Locomotion Control¶
Learning locomotion — the ability to walk, run, climb, and navigate diverse terrain — is one of the most active and successful areas of embodied AI. RL-based locomotion has achieved remarkable results in the past few years, with policies that transfer from simulation to real quadruped and humanoid robots.
Problem Formulation¶
The locomotion control problem:
- State: Robot proprioception (joint positions \(q\), joint velocities \(\dot{q}\), base orientation, base angular velocity, gravity vector) + optional exteroception (heightmap, depth image)
- Action: Joint position targets \(a_t \in \mathbb{R}^n\) (sent to PD controllers)
- Reward: Combination of velocity tracking, energy efficiency, and regularization
Typical Reward Function¶
Common reward terms:
| Term | Formula | Purpose |
|---|---|---|
| Linear velocity tracking | \(\exp(-\|v_{xy} - v_{xy}^{\text{cmd}}\|^2 / \sigma)\) | Follow velocity commands |
| Angular velocity tracking | \(\exp(-\|\omega_z - \omega_z^{\text{cmd}}\|^2 / \sigma)\) | Follow yaw rate commands |
| Base height | \(-(z_{\text{base}} - z_{\text{target}})^2\) | Maintain desired height |
| Orientation | \(-\|\text{gravity\_projected}_{xy}\|^2\) | Stay upright |
| Action rate | \(-\|\dot{a}_t\|^2\) | Smooth actions |
| Torque penalty | \(-\|\tau_t\|^2\) | Energy efficiency |
| Feet air time | Bonus for swing phase duration | Encourage gait patterns |
Key Approaches¶
Teacher-Student Framework¶
A widely used paradigm where:
- Teacher policy is trained with privileged information (exact terrain heightmap, contact forces, friction coefficients)

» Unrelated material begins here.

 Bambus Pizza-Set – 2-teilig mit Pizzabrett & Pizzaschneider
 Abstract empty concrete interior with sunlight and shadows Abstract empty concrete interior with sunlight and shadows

- Student policy is trained to imitate the teacher using only onboard sensor observations
This decouples the RL training (with easy-to-learn privileged state) from the deployment constraint (limited onboard sensors).
graph LR
T[Teacher Policy<br/>Privileged Obs] -->|Distillation| S[Student Policy<br/>Onboard Obs Only]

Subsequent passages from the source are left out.